Policyholders, watchdog groups and Globe columnist Brian McGrory cried foul.
What do you think? And how would you spend about $1 million per week? Tell us in the comment section below.
BackBayRes
1:18 pm on Friday, April 20, 2012
It never made sense for the City and the State to provide these tax breaks to a company which had no intention of leaving Boston and had no need for corporate welfare. But those who challenged the handout were attacked roundly as being "anti-jobs" and NIMBYs. The over-the-top salaries and perquisites lavished on Liberty Mutual's executives simply underscore how foolish the tax breaks were.
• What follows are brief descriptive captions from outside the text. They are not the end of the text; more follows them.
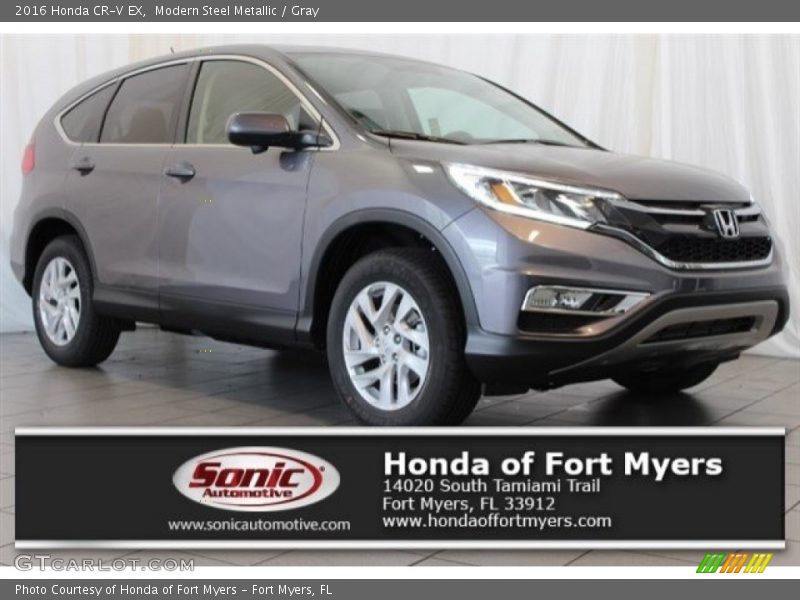 Modern Steel Metallic / Gray 2016 Honda CR-V EX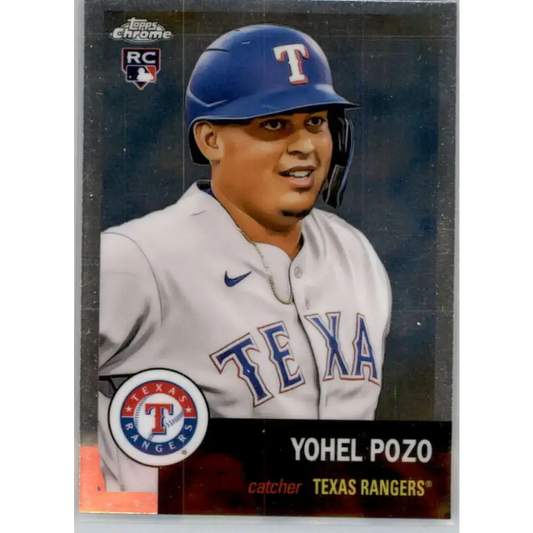2022 Topps Chrome Platinum Anniversary #169 Yohel Pozo NM-MT RC Rookie Texas Rangers Baseball Card - Baseball Card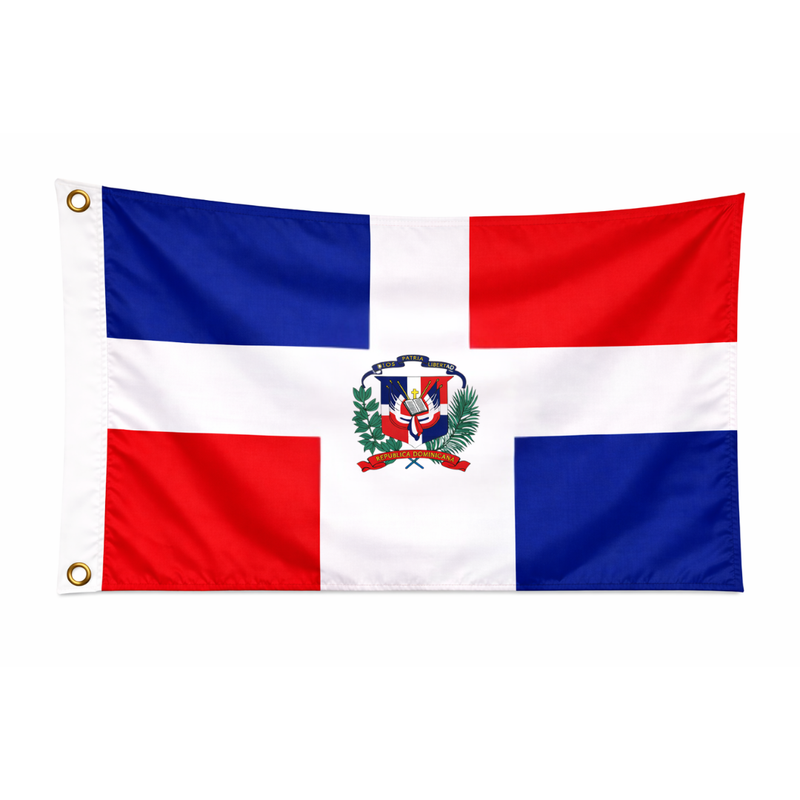 Dominican Republic 91cm x 60cm (3ft x 2ft) Budget Display Flag
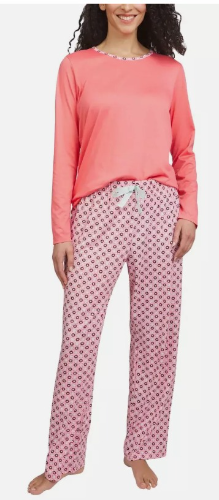 LANDS END T/XXL PIJAMA DE 2 PIEZAS PARA DAMA COLOR CORAL TALLA XXL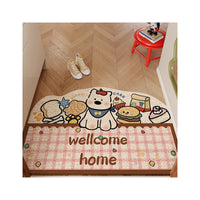 Cartoon Dog Doormat Entrance Mat Dust Removal Non-slip PVC Coil Mat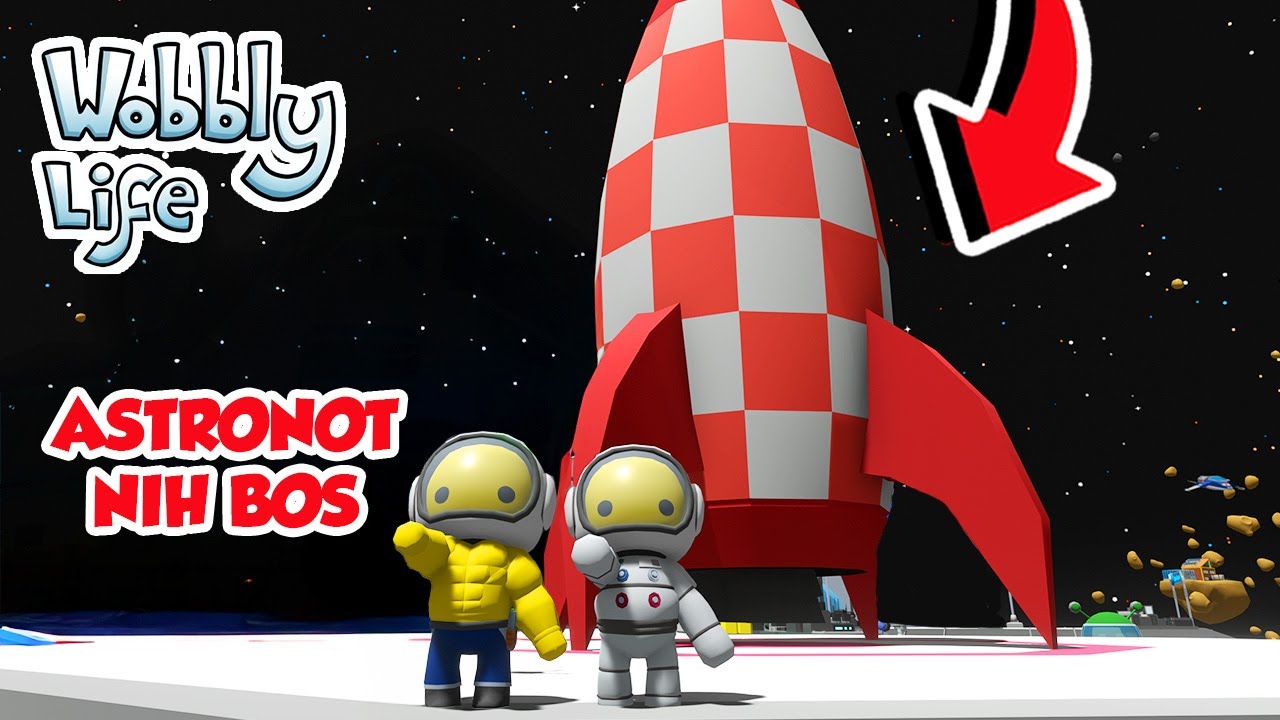 KITA IKUT PELATIHAN JADI ASTRONOT DI WOBBLY LIFE!!!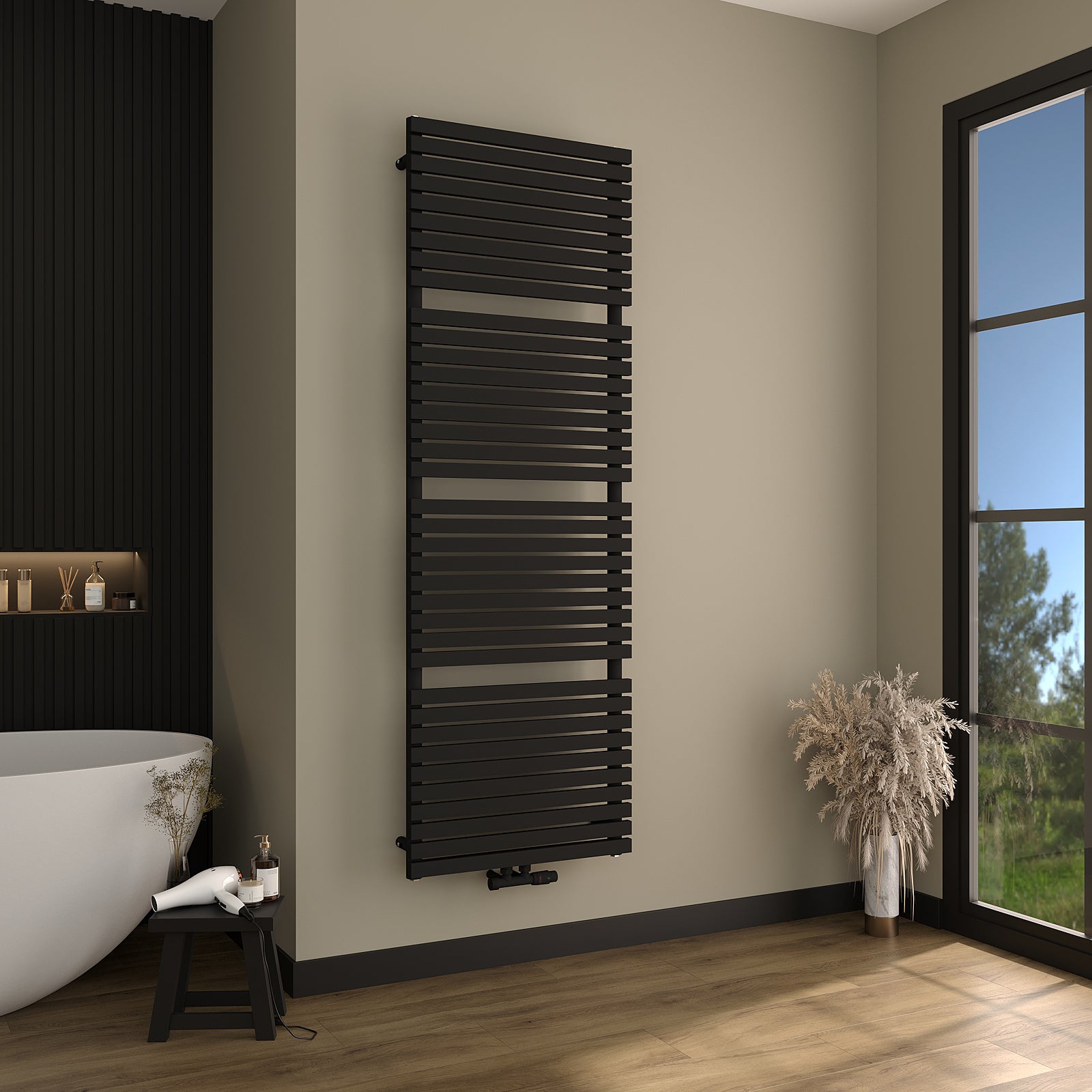 Badheizkörper mit Mittelanschluss Handtuchwärmer LAMELLA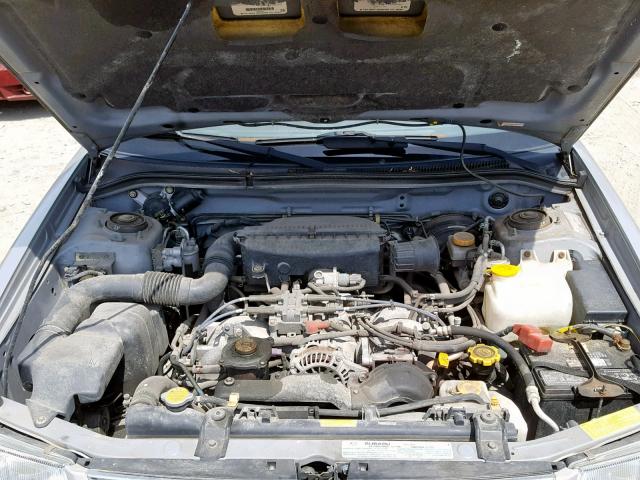 JF1SF6559YH712301 - 2000 SUBARU FORESTER S Gümüş foto 7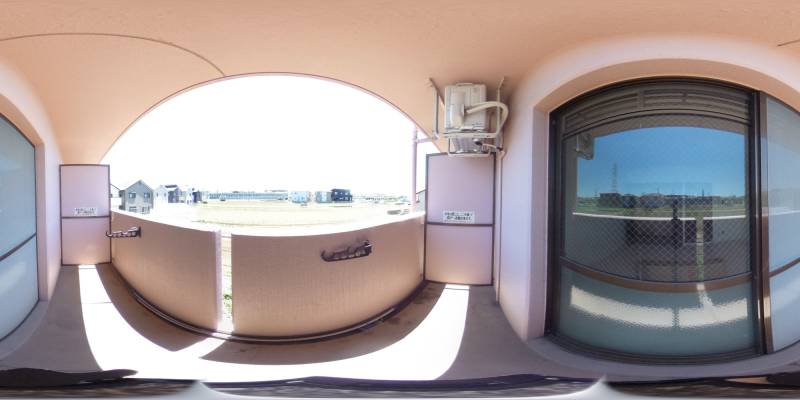 パノラマ画像バルコニー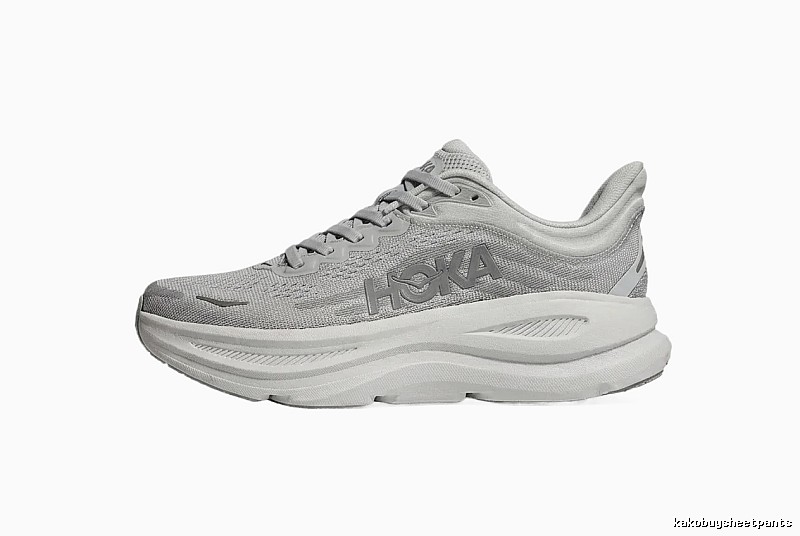 HOKA Trendy Gray-White Athletic Shoes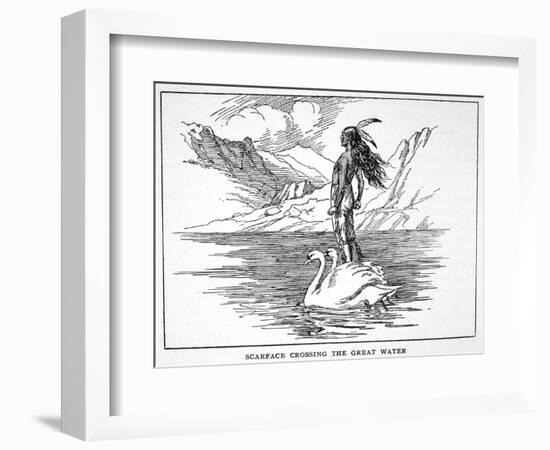 'Scarface Crossing the Great Water', 1925-Unknown-Framed Giclee Print
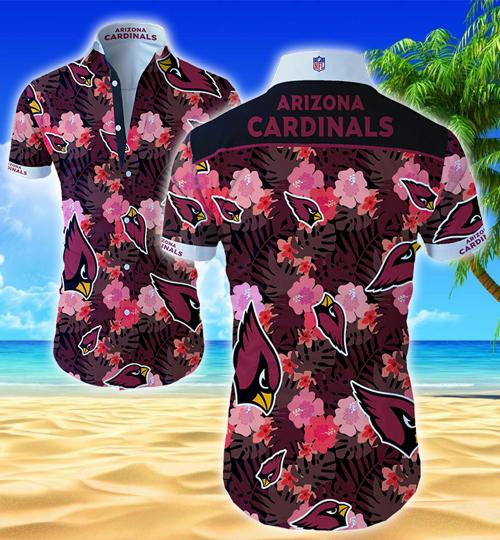 Arizona Cardinals Hawaiian Shirt Summer Button Up Arizona Cardinals Hawaiian Shirt Summer Button Up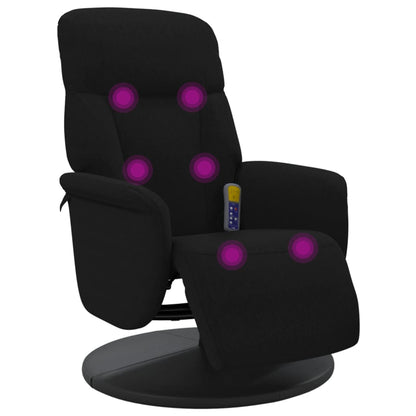 Massage Recliner Chair With Footrest Velvet
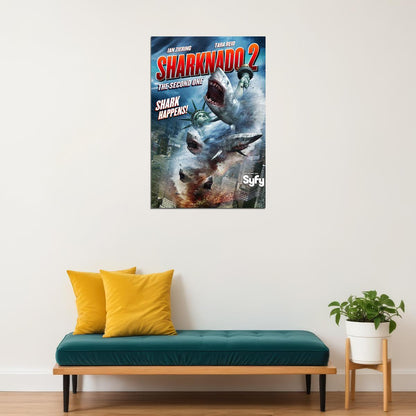 Sharknado 2 Tv Movie Poster Wall Art Print Home Wall Decor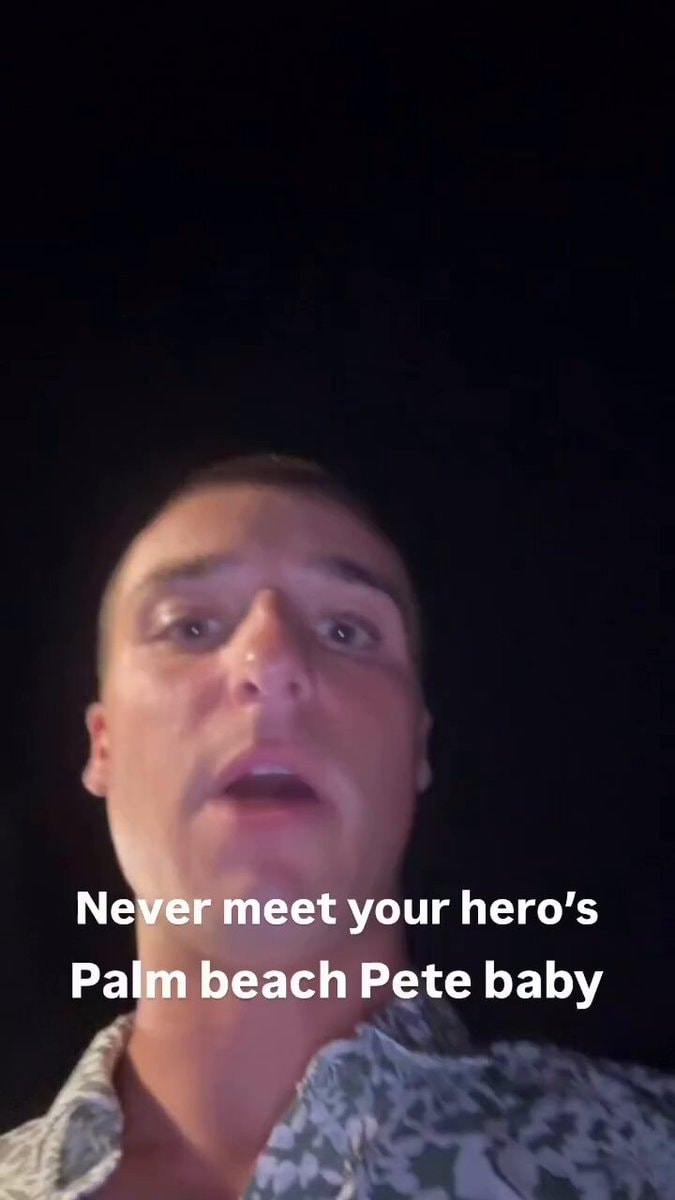 Palm Beach Pete reaction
Sadly, now there's probably nothing that can be done except hope that the Mayor and the BRA will be more respectful of taxpayers in the future.
Kasey Hariman
1:20 pm on Friday, April 20, 2012
The first thing I thought of was "I'll buy my apartment from my landlord, then I won't have to pay rent, and I can have some steady income from the other tenants," but then I realized -- with that kind of money I can afford to pay a lot of rent, and I won't need steady income from tenants.
Now I am thinking about a jetboat. Or maybe I would become a movie producer, and invest in blockbusters? Either way, having a sweet pad is a must, as well as some money for travel, and money for philanthropy. I think I can make that work on a budget of a million a week.